東芝デバイス&ストレージは5月23日、グループ会社である加賀東芝エレクトロニクス(石川県能美市)にて、300mmウエハー対応パワー半導体新製造棟、および新事務所棟の竣工式を行ったことを発表した。
今回竣工したのは新製造棟の第1期分となる。装置の搬入を進め、2024年度下期より本格的な生産を開始予定としている。第1期フル稼働時には、低耐圧MOSFET、IGBTを中心とするパワー半導体の生産能力を、本建設を決定した2021年度比で2.5倍に増強する計画だ。第2期については、市場の動向を見ながら建設と稼働開始の時期を決定していく。
新製造棟は、地震の揺れを吸収する免震構造の採用や電源の2重化などを通じてBCP(事業継続計画)を強化。また、再生可能エネルギー由来の電力活用や、屋上への太陽光発電設備(オンサイトPPAモデル)設置などにより、使用する電力を100%再生可能エネルギー由来でまかなう。
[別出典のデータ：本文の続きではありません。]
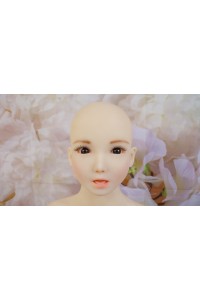 AXB Doll #121 138cm バスト平ら 肌色 ナチュラル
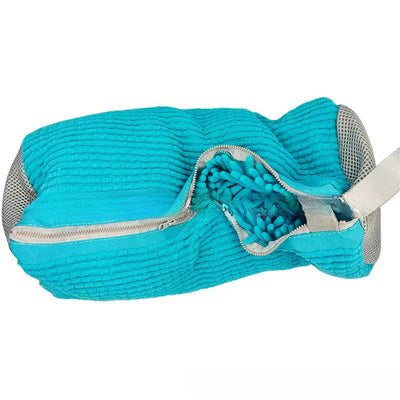 Bolsa de Lavado para Zapatos - Máquina Automática Lazy God's - Image 13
さらに、AI活用などを通じて、製品品質および生産効率をより向上させる。
設備投資の一部には、経済産業省から「半導体の安定供給確保のための取組に関する計画(供給確保計画)」に基づく助成金の交付を受ける予定だ。
同社は、加賀東芝エレクトロニクス既存棟において、2022年度下期より300mmウエハーを用いたパワー半導体を生産しており、新製造棟の稼働開始により、パワー半導体の生産能力をさらに拡大する。